Hedrick, E. - Presenter, West Virginia University
Hedrick, K., West Virginia University
Bhattacharyya, D., West Virginia University
Zitney, S., National Energy Technology Laboratory
Omell, B. P., National Energy Technology Laboratory
Reinforcement learning (RL) is a machine learning approach for automatic control that has seen significant research activity in recent years [1]. There exists strong interest in the synergistic application of RL with existing process control structures to alleviate problems with sample inefficiency and safety in using RL directly for process control [2]. Combination of RL with MPC has seen more research interest than combination with other process controllers [3]–[6]; which is also the focus of this work. This talk presents an approach for direct combination of RL and MPC by using the MPC as the control policy for the RL in an approximate RL formulation.
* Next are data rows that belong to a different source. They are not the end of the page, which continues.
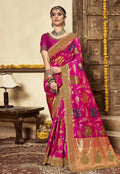 Pink Golden Embroidered Wedding Saree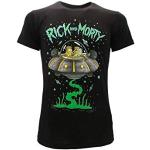 Schwarze Rick and Morty T-Shirts aus Baumwolle für Herren Größe XS 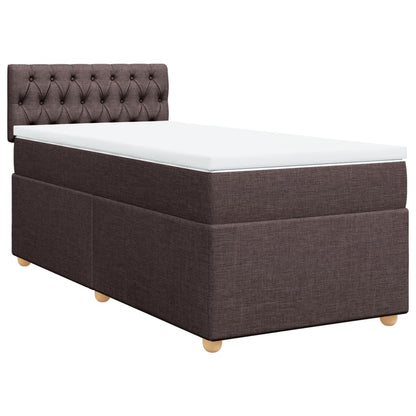Giroletto a Molle con Materasso Marrone Scuro 90x200 cm Tessuto | homemem39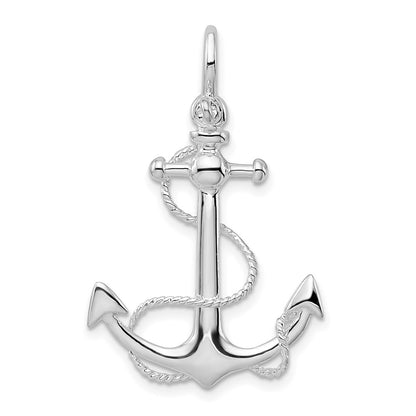 Sterling Silver De-Ani Rhodium-Plated Polished 3D Anchor With Rope Pendant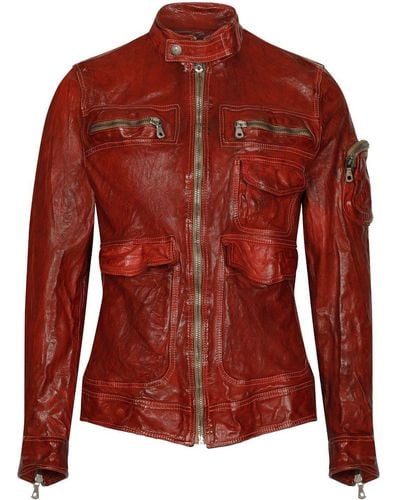 Dolce & Gabbana Cazadora de piel lavada con varios bolsillos - Rojo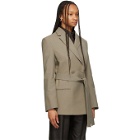 Michael Lo Sordo Taupe Wool Double-Breasted Boy Blazer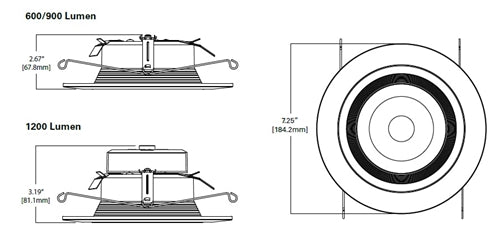 Halo Recessed RL56099S1EWHR 5" or 6" Dimmable All-Purpose LED Retrofit Module with SeleCCTable Switch, 900 Lumens, 90 CRI, 120V, Matte White Baffle, Recyclable Packaging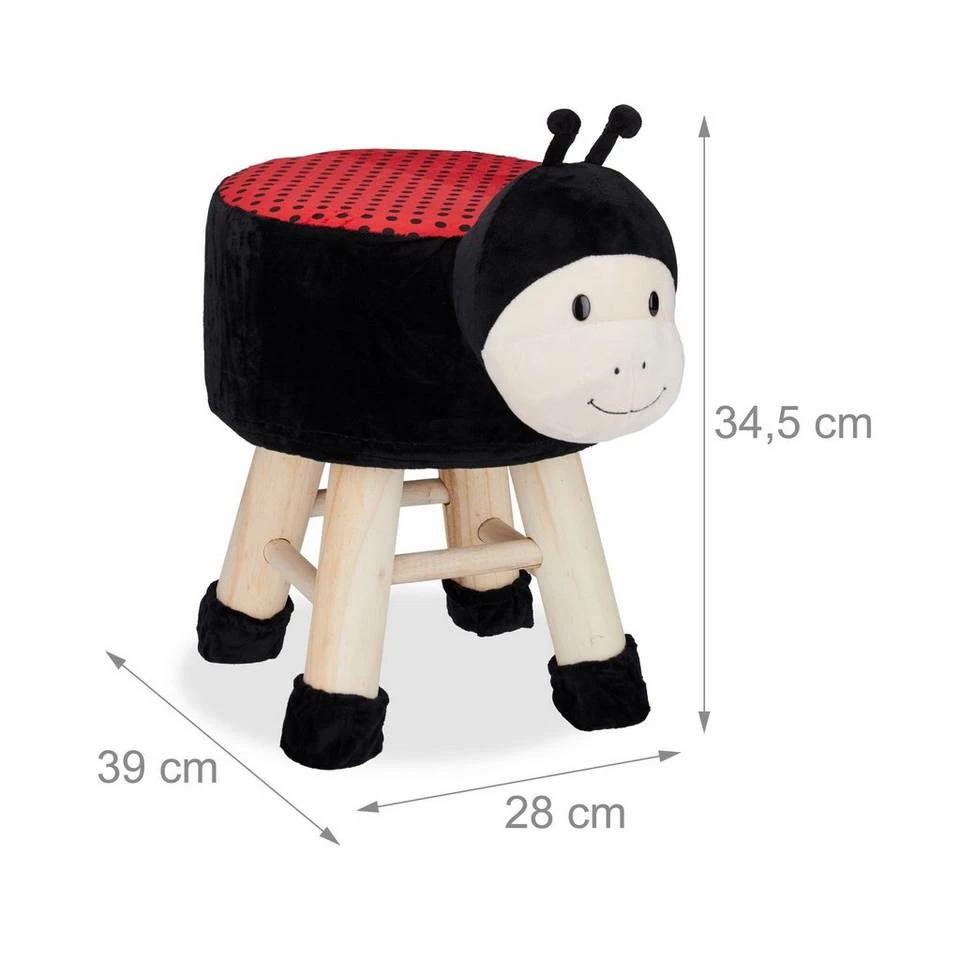 relaxdays Hocker »Tierhocker Kinder«, Marienkäfer Schwarz Hellbraun Rot, Braun Hellbraun Creme, Braun Hellbraun Weiß, Grau Hellbraun Weiß 4 relaxdays Hocker »Tierhocker Kinder«, Marienkäfer Schwarz Hellbraun Rot, Braun Hellbraun Creme, Braun Hellbraun Weiß, Grau Hellbraun Weiß – Bild 4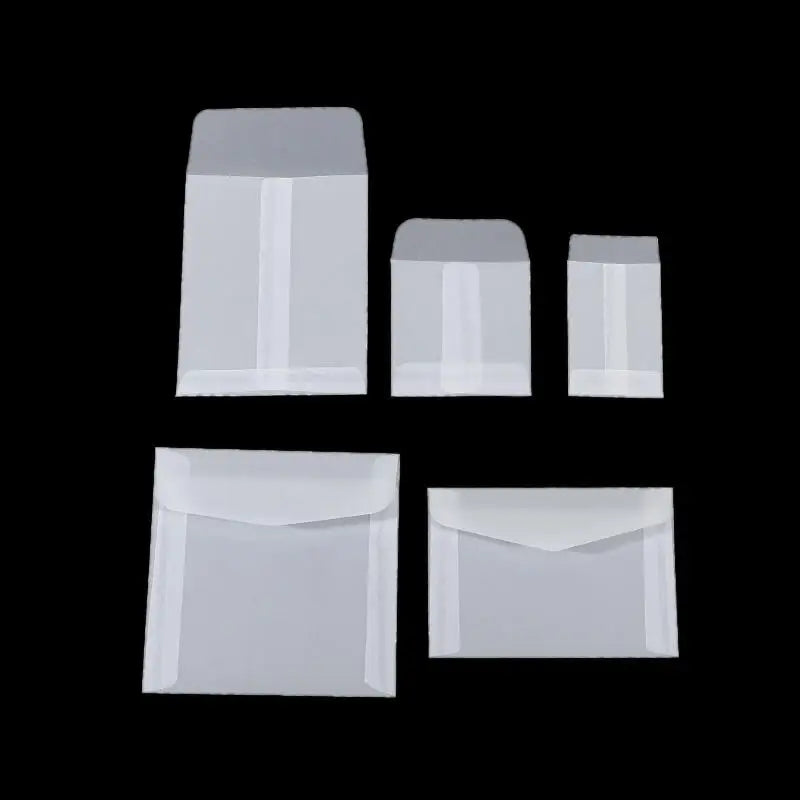50Pcs/Pack Simple Semi-Transparent Vellum Paper Envelopes Matte Frosted for Postcards Greeting Cards Wedding Invitations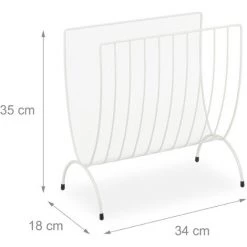Relaxdays Porte-revue Métal, Support Journaux Autonome, Salon Et WC, Support Magazines, HLP 35x34x18 Cm, Blanc -Petit rangement Soldes Magasin 24484417 5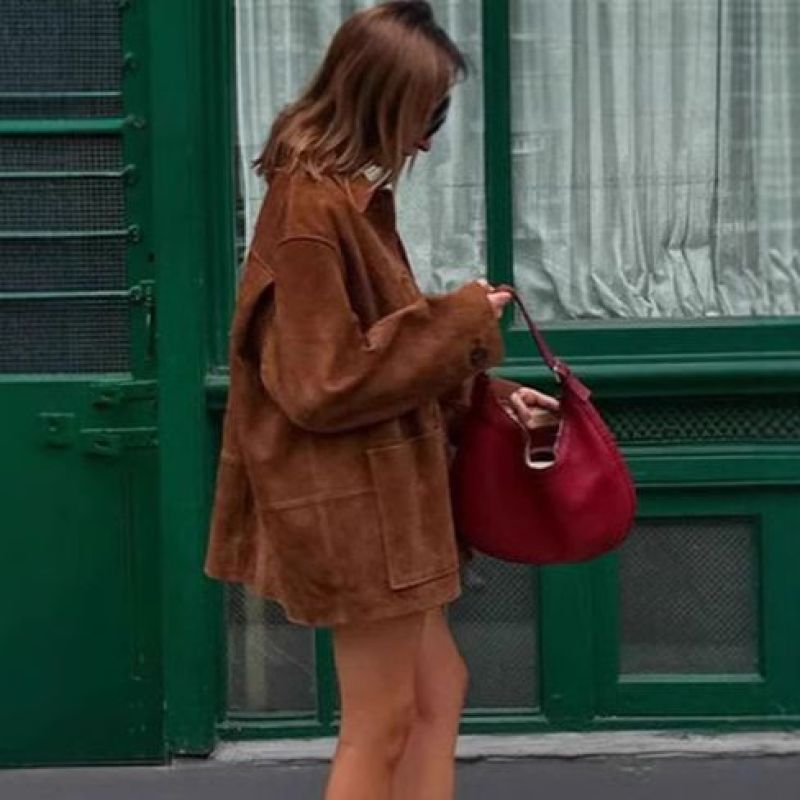 Damen Suede-Jacke mit modernem Schnitt und praktischen Taschen Drune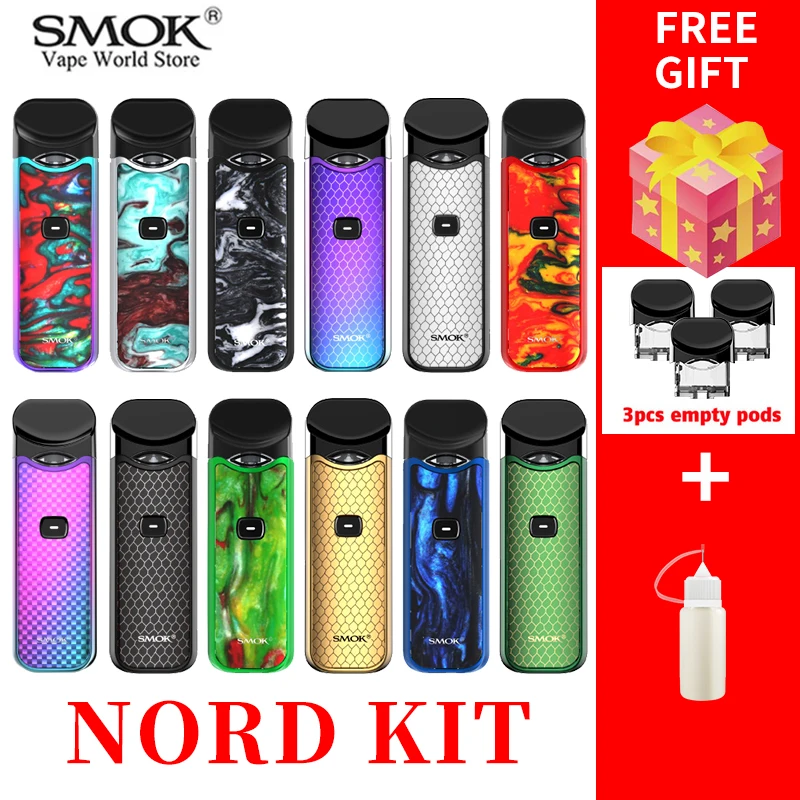 KIT de vapeo SMOK NORD POD, batería de bobina de cigarrillo eléctrico, 1100 mah, tanque de 3ML, bobina de cigarrillo vs SMOK NOVO S168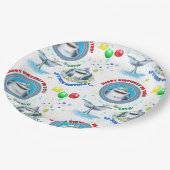 Shark Fantastic Pool Party Kids Verjaardag Papieren Bordje (Gekanteld)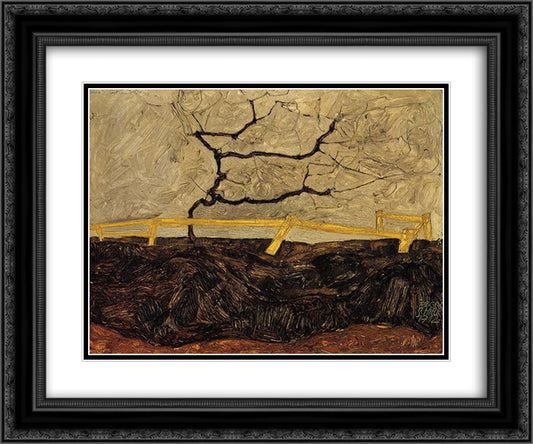Bare Tree behind a Fence 24x20 Black Ornate Wood Framed Art Print Poster with Double Matting by Schiele, Egon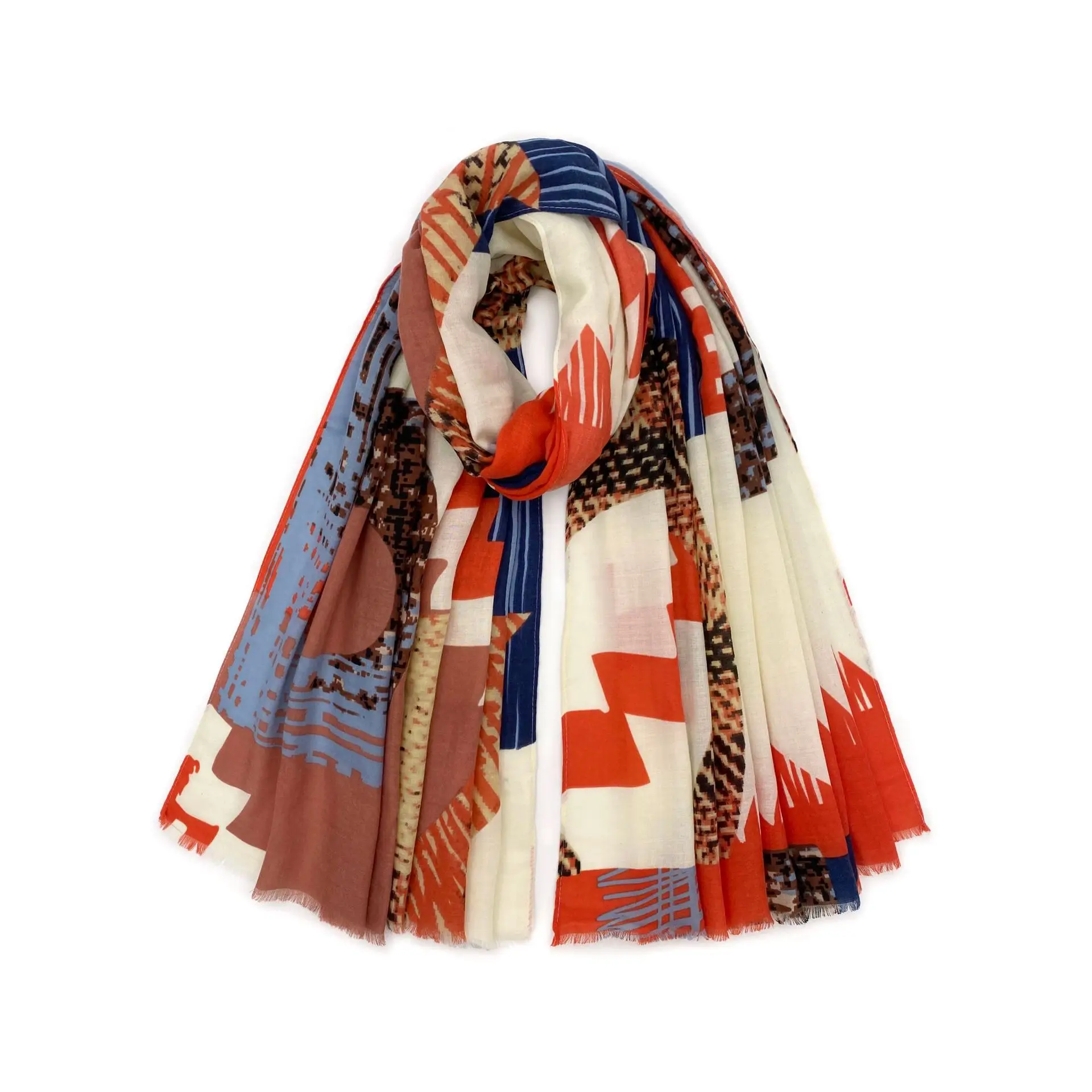 

2022 New Abstract Mosaic Small Fresh Decorative Scarf Print Square Winter Long Scarf Women's Plain Shawl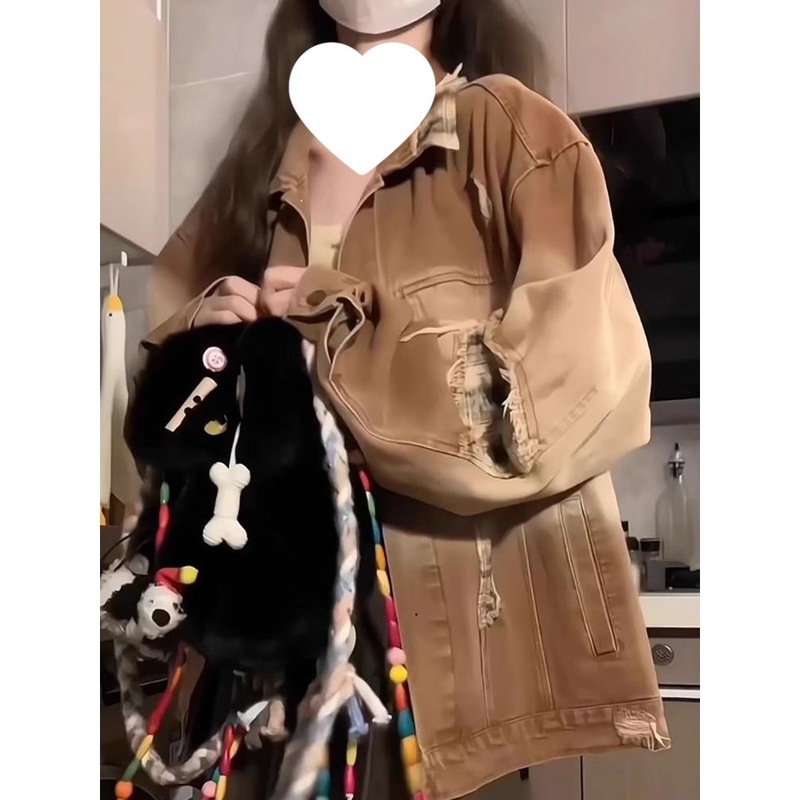 美式高街破洞贴布牛仔外套女潮牌春秋宽松慵懒风休闲工装夹克上衣|undefined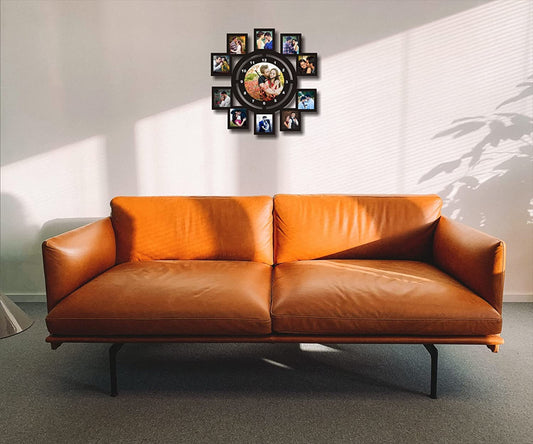 Customized MDF Wall Clock With 10 Photos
In the approach proposed in this work, RL is used to directly improve the value function used in the MPC. The resulting policy amounts to maximization of the learned action-value function, subject to the modeled dynamics, over a predicted trajectory. Because the controller follows the current policy in the projection this is an on-policy algorithm, and the SARSA update to the value function is used. The basis functions used in the approximation of the action-value function are radial basis functions in the states and control moves, multiplied by the standard quadratic terms such that the results objective function is zero at zero and positive elsewhere (guaranteeing stability in the linear case by ensuring that the weights learned by the RL agent are positive definite). This algorithm is applied in two ways, first using the one-step update from the MPC optimization at each timestep. The second approach takes the optimal MPC trajectory as a policy rollout and computes an n-step return for updating the action-value function, where n can be any length up to Np.

These algorithms are applied to a benchmark process control example where the states are assumed to be measurable. Learning experiments are carried out in structured episodes, injecting disturbances into the plant and ending once the output has been returned to the setpoint. Learning is carried out at each timestep, and the weights of the RL agent are initialized to unity (corresponding to a static MPC with Q=R=I). Under both the one-step approach and the n-step approach it is shown that superior performance to the static controller is achieved after learning (given the random selection of actions in explorative steps the results are standardized over 20 trials and presented with respect to median performance). In the case of the n-step algorithm faster learning can be achieved through the policy rollout, but performance does not improve monotonically with search depth; it is found that moderate values of n yield the fastest learning (with respect to achieving performance close to the final policy). While this may not be intuitive, the lack in performance with higher values of n stems from propagation of error in the action-value function further into the update, especially during the early stages of learning. While both approaches are able to improve performance over the static MPC, the algorithm using a moderate search depth is able to improve the policy significantly faster that the one-step algorithm.

Bibliography

[1] D. Silver et al., “Mastering the game of Go without human knowledge,” Nature, vol. 550, no. 7676, pp. 354–359, Oct. 2017, doi: 10.1038/nature24270.

[2] J. Shin, T. A. Badgwell, K. H. Liu, and J. H. Lee, “Reinforcement Learning – Overview of recent progress and implications for process control,” Comput. Chem. Eng., vol. 127, pp. 282–294, Aug. 2019, doi: 10.1016/j.compchemeng.2019.05.029.

[3] D. Görges, “Relations between Model Predictive Control and Reinforcement Learning,” IFAC-PapersOnLine, vol. 50, no. 1, pp. 4920–4928, Jul. 2017, doi: 10.1016/j.ifacol.2017.08.747.

[4] S. Gros and M. Zanon, “Data-driven economic NMPC using reinforcement learning,” IEEE Trans. Automat. Contr., vol. 65, no. 2, pp. 636–648, Feb. 2020, doi: 10.1109/TAC.2019.2913768.

[5] M. Zanon and S. Gros, “Safe Reinforcement Learning Using Robust MPC,” IEEE Trans. Automat. Contr., vol. 66, no. 8, pp. 3638–3652, Aug. 2021, doi: 10.1109/TAC.2020.3024161.

[6] E. Hedrick, K. Hedrick, D. Bhattacharyya, S. E. Zitney, and B. Omell, “Reinforcement learning for online adaptation of model predictive controllers: Application to a selective catalytic reduction unit,” Comput. Chem. Eng., vol. 160, p. 107727, Apr. 2022, doi: 10.1016/j.compchemeng.2022.107727.